Continua, insomma, lo smantellamento dei settori strategici del Paese e relative privatizzazioni. La Commissione Europea, negli anni, ha intensificato le pressioni sull’Italia non solo per chiedere la privatizzazione (anche) di Alitalia, ma pure per imporre il divieto di rinnovo della flotta e la riduzione della rete con destinazioni internazionali. Un’assurdità per un Paese a forte vocazione turistica come l’Italia, resa possibile dal combinato scellerato pluridecennale di dirigenze aziendali e di governi corrotti e servili.
Superfluo dire che pressoché sicuramente la soppressione dei collegamenti avrà anche pesanti ripercussioni sul fronte occupazionale, sia per i dipendenti diretti di Alitalia che per i lavoratori delle società di movimentazione.
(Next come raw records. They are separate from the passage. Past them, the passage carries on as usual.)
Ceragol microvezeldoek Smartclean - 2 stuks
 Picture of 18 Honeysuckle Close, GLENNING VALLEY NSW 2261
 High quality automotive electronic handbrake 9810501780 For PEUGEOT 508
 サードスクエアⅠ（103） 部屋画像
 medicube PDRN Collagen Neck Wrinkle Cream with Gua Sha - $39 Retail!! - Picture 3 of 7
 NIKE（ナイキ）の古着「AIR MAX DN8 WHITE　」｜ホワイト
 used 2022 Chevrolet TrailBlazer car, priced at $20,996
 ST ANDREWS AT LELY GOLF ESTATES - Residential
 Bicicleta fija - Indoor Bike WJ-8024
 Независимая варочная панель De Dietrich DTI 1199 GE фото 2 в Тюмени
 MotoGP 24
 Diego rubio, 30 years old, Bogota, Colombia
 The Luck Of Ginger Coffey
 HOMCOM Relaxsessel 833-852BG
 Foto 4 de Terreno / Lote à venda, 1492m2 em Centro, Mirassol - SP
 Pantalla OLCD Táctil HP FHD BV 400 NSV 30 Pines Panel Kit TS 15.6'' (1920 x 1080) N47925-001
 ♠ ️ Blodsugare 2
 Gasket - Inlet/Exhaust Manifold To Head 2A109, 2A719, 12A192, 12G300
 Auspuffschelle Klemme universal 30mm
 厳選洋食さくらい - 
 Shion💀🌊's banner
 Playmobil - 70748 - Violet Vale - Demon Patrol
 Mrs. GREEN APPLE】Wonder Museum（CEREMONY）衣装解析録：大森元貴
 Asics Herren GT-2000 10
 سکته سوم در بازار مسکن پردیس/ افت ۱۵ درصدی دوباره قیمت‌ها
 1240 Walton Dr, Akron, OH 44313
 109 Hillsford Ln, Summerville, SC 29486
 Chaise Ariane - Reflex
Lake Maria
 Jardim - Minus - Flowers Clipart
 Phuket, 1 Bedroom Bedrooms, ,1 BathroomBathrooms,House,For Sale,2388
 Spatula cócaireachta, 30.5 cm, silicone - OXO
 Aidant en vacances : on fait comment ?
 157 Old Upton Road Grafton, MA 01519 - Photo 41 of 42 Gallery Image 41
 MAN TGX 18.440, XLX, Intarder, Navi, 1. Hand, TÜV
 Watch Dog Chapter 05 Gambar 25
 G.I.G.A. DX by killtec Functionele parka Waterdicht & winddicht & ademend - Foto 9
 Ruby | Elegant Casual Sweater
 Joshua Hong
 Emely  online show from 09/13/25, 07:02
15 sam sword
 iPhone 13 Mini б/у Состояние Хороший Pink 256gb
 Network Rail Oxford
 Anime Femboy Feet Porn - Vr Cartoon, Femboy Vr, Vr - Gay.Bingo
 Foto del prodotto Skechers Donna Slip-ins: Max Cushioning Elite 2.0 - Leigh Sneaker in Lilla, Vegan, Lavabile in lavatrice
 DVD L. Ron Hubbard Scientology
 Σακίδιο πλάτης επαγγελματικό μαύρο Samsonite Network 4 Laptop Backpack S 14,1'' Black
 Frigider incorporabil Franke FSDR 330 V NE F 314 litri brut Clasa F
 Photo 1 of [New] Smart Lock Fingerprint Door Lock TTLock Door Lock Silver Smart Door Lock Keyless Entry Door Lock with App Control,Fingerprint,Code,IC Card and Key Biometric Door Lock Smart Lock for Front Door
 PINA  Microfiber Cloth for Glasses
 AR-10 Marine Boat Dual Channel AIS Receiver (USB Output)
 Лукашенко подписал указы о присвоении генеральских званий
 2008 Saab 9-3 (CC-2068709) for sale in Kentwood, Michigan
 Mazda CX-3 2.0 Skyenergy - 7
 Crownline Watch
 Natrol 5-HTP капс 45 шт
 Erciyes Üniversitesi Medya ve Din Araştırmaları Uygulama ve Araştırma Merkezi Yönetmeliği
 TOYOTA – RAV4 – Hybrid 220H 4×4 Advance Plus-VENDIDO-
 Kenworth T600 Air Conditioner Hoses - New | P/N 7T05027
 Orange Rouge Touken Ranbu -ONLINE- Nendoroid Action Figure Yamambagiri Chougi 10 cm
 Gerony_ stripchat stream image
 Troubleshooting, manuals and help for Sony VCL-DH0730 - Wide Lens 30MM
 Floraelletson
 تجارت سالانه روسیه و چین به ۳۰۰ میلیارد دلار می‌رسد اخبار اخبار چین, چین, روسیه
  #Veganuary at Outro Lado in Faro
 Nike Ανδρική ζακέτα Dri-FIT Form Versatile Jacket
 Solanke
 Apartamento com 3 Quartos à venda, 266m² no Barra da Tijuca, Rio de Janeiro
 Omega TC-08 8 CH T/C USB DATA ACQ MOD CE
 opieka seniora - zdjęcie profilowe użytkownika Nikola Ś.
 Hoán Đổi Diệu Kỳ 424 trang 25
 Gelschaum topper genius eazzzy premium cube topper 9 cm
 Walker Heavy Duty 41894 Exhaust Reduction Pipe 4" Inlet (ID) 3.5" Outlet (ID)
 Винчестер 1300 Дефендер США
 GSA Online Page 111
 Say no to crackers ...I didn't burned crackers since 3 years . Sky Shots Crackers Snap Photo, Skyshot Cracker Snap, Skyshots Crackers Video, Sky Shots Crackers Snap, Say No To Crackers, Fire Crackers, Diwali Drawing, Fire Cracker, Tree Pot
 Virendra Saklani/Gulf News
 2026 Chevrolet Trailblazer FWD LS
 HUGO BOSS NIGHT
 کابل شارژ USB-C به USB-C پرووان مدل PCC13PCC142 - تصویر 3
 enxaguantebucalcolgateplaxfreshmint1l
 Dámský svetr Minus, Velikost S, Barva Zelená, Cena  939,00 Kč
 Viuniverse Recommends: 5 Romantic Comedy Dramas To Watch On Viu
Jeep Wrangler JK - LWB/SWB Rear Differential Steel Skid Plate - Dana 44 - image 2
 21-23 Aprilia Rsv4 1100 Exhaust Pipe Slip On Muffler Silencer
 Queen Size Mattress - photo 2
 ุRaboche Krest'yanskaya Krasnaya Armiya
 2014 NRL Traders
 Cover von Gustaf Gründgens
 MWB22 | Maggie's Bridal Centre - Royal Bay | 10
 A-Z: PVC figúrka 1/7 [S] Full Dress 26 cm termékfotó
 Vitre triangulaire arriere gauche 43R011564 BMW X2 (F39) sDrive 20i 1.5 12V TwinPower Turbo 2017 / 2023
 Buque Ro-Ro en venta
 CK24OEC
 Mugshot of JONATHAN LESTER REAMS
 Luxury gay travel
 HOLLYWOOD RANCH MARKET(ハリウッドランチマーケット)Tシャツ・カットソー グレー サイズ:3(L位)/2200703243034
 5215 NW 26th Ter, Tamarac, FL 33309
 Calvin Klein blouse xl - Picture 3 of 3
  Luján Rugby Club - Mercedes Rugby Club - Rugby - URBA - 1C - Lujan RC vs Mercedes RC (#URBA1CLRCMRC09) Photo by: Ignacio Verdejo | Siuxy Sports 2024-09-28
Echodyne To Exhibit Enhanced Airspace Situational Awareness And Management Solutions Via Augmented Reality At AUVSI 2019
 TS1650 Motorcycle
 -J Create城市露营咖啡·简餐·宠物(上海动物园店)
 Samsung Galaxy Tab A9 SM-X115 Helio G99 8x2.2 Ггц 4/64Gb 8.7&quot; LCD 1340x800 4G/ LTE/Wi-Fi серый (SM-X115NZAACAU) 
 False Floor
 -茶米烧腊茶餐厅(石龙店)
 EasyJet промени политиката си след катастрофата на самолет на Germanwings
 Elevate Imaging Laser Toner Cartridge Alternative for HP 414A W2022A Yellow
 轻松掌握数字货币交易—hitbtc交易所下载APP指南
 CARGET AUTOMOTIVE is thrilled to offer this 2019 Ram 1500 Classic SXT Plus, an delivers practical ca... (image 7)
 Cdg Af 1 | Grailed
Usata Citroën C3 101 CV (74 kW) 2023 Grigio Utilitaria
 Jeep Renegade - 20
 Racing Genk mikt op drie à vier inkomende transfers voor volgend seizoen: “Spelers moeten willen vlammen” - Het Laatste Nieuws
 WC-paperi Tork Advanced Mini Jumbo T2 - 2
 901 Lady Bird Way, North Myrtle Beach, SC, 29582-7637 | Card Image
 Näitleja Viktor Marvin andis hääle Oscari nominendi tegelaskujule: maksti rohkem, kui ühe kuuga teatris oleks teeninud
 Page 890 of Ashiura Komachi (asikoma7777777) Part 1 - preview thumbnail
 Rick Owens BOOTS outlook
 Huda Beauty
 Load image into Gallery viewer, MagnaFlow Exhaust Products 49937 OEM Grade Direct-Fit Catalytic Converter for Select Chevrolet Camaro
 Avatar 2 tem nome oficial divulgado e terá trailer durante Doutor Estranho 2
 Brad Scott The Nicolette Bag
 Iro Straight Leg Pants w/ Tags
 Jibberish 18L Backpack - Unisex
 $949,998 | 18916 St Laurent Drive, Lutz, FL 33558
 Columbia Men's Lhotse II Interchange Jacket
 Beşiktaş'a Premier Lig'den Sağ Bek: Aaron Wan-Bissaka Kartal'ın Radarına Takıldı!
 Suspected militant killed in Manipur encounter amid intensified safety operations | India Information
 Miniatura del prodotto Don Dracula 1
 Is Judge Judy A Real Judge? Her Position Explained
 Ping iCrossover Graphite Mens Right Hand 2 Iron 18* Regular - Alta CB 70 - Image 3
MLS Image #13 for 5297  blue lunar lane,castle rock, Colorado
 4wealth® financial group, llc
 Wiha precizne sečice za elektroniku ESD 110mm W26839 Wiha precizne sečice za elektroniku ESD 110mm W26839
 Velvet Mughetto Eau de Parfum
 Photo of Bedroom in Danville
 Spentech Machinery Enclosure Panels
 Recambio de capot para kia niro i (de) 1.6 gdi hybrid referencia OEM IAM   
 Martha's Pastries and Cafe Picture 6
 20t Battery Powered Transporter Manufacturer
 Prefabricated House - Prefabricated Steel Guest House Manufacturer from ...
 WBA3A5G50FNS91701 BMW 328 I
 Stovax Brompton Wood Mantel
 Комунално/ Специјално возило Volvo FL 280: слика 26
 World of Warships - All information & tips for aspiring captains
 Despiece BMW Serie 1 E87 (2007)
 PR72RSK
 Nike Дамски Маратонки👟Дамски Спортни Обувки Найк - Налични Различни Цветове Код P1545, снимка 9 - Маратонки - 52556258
Il sindacato USB segnala come a Torino Caselle si lancino già appelli “per appaltare le rotte a compagnie aeree come RyanAir o Volotea, entrambe caratterizzate dall'applicazione di miseri contratti stranieri ai propri dipendenti e dalla violazione di norme fiscali e contributive del nostro Paese. Tali appelli chiariscono bene quale sia l'approccio in questa situazione: l'unica preoccupazione è quella del servizio mentre nessuno si chiede chi lo fa, a quali condizioni e con quali impatti per il lavoro e l'intera società”.
Anche sul caso Alitalia possiamo adattare per il nostro Paese, parafrasandole, le parole dell’irlandese James Connolly pronunciate circa un secolo fa: la causa dei lavoratori è la causa dell'Irlanda, la causa dell'Irlanda è la causa dei lavoratori.